■ Problem to work on: Omitting the pictures, output all of the records precisely as written.

■ Material for this task:
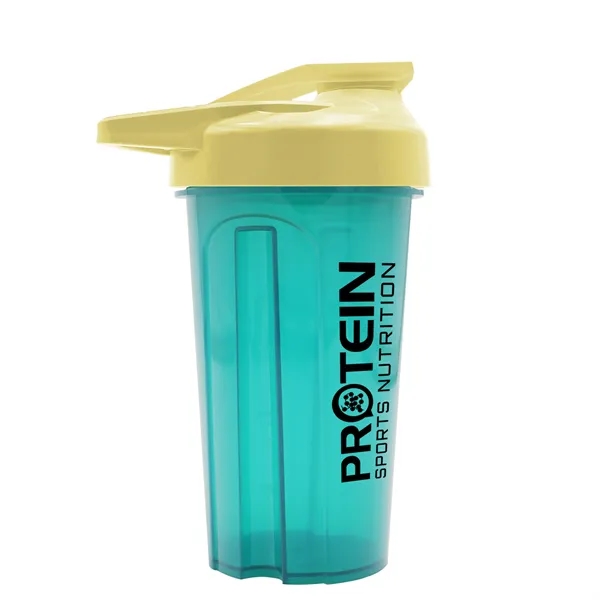 Garyline® Evo Shaker Tumbler with Drink-Thru Lid - 20 oz. - Garyline® Evo Shaker Tumbler with Drink-Thru Lid - 20 oz. - Image 230 of 268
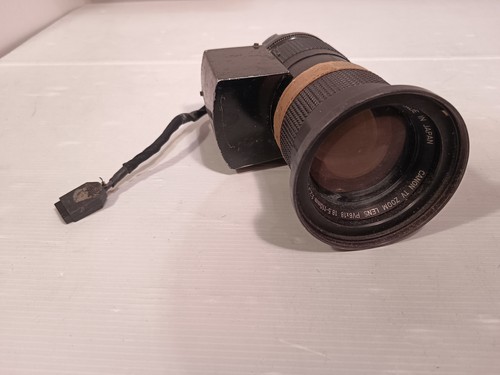 Epave canon zoom - de,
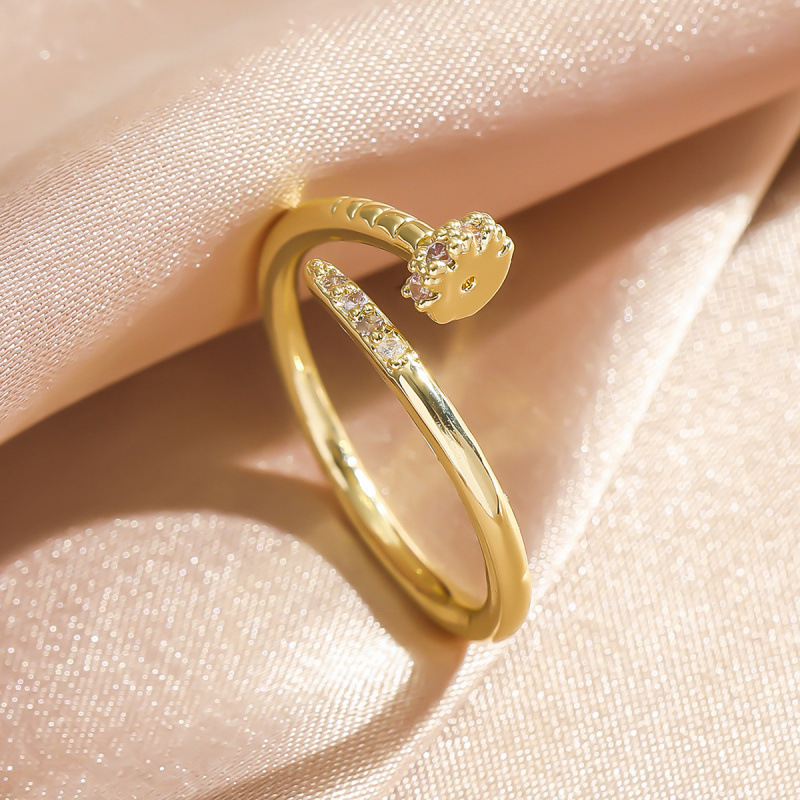 Bague Tessa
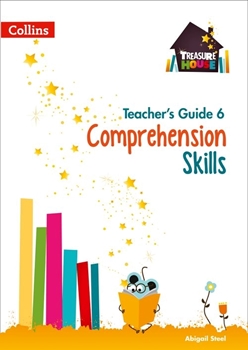 TREASUR HOUSE COMPREHENSION TG 6 resmi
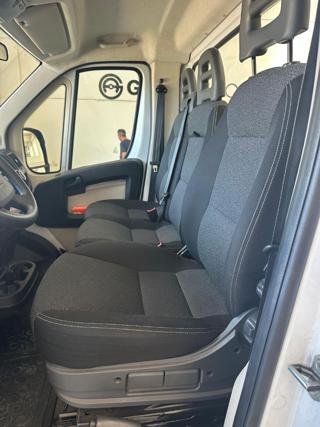 FIAT Ducato usata 15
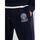 Abbigliamento Uomo Pantaloni da tuta Franklin & Marshall JM1004.2004P01.FW-219 Blu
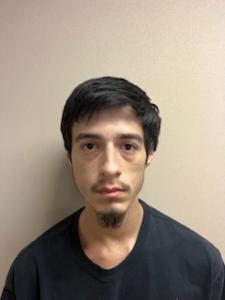 Adam Paul Gonzales a registered Sex Offender of Texas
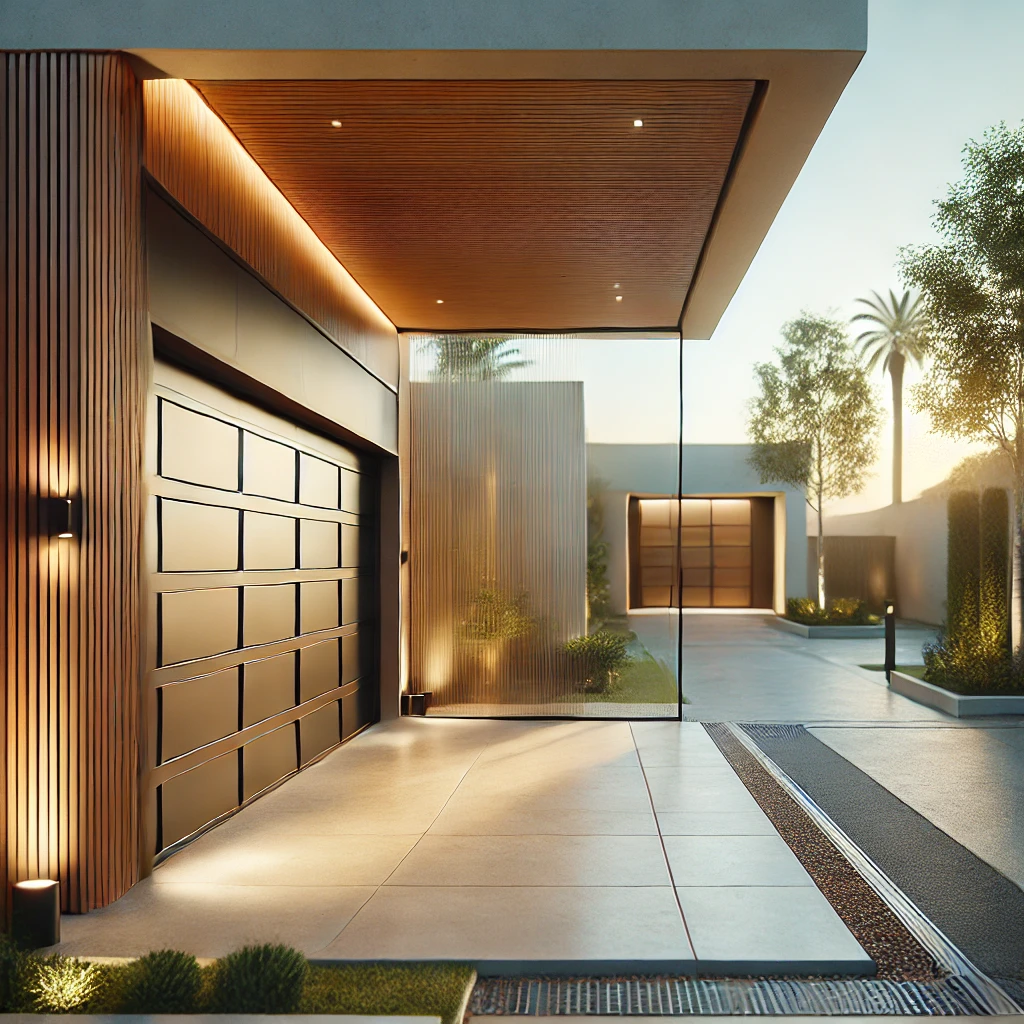 Custom Garage Doors Royersford PA - Luxury Designs with Premium Materials & Expert Installation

■ Exercise output:
 Garyline® Evo Shaker Tumbler with Drink-Thru Lid - 20 oz. - Garyline® Evo Shaker Tumbler with Drink-Thru Lid - 20 oz. - Image 230 of 268
 Epave canon zoom - de,
 Bague Tessa
 TREASUR HOUSE COMPREHENSION TG 6 resmi
 FIAT Ducato usata 15
 Abbigliamento Uomo Pantaloni da tuta Franklin & Marshall JM1004.2004P01.FW-219 Blu
 Adam Paul Gonzales a registered Sex Offender of Texas
 Custom Garage Doors Royersford PA - Luxury Designs with Premium Materials & Expert Installation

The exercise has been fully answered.